The consonance of the 4th interval depends on the context, as several music theory sources describe. Why isn't that idea generalized to all intervals? Let me illustrate this comparing what I have in mind for the 4th and the 5th.
If the interval G-C is played, the G can be heard as the tonic, which makes the ear expect a pull C-B to resolve that suspended interval (it's like there's a hidden Gsus4). If the C is heard as the tonic, everything seems stable (most references categorize the 4th as a dissonance even if the C is heard as tonic, when the 4th interval is made with the bass note, which means a second inversion triad. Maybe because I wasn't exposed enough to common practice music, my ear don't feel the extreme urge to resolve the so called instability of a second inversion triad)
If the interval F-C is played, when F is heard as the tonic, we have a stable interval.

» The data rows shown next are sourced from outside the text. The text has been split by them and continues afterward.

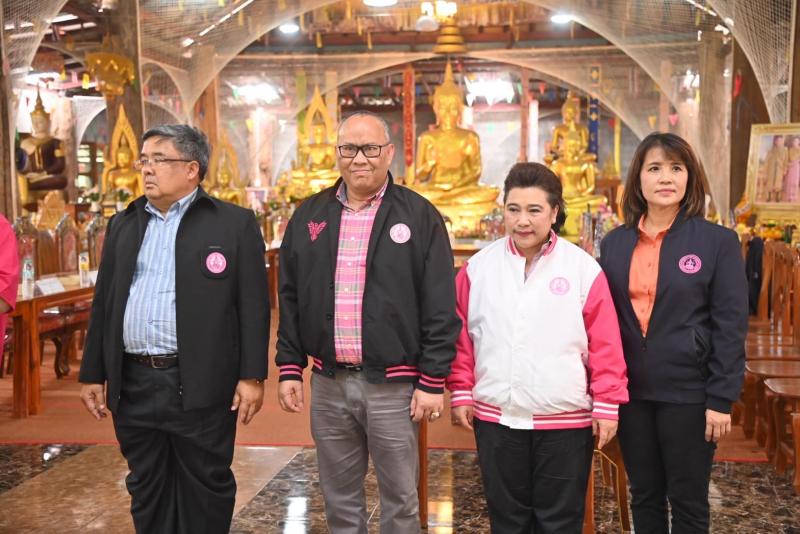 พม. เปิดศูนย์ช่วยเ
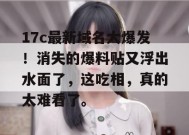 17c最新域名大爆发！消失的爆料贴又浮出水面了，这吃相，真的太难看了。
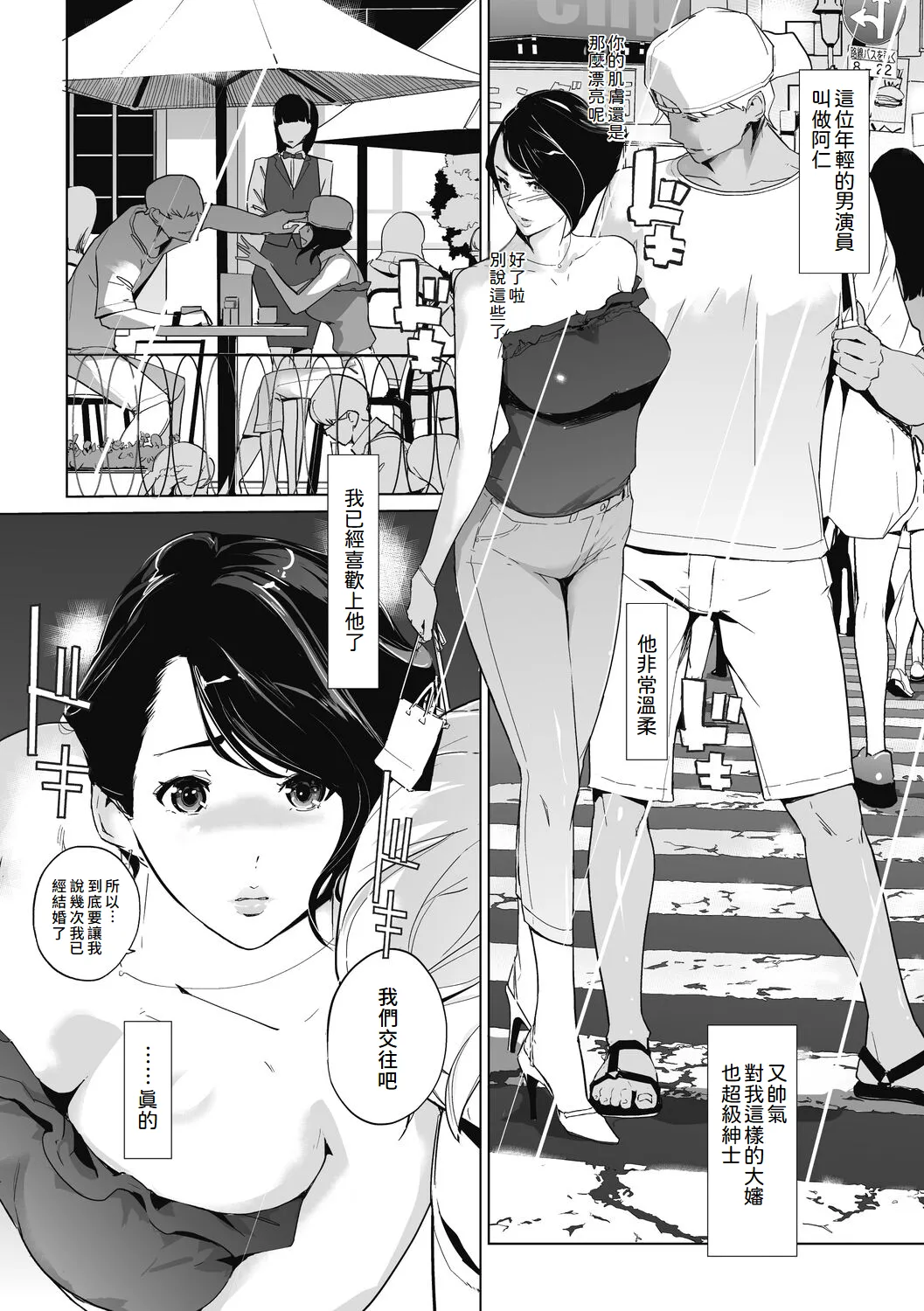 Unjo Acme Goyoumei wa Koukyuu Koubi page 36 - milf big breasts hentai manga - read online free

But wouldn't the reasoning be exactly the same if C is heard as the tonic? In this case there's an expected plagal pull F-E and shouldn't the books list the consonance of perfect 5th as an "interval that depends on the context"? Why people put just the 4th in this special place?
Vincent Persichetti (Twentieth Century Harmony) also categorizes the augmented 4th as an interval of this type and goes even further stating that the consonance depends on the surroundings. Some passages are exhibited here:
Don't all intervals have their degree of consonance dependent on the surroudings and context? A major 2nd sounds more consonant if all that came before was a sequence of minor 2nds, for example.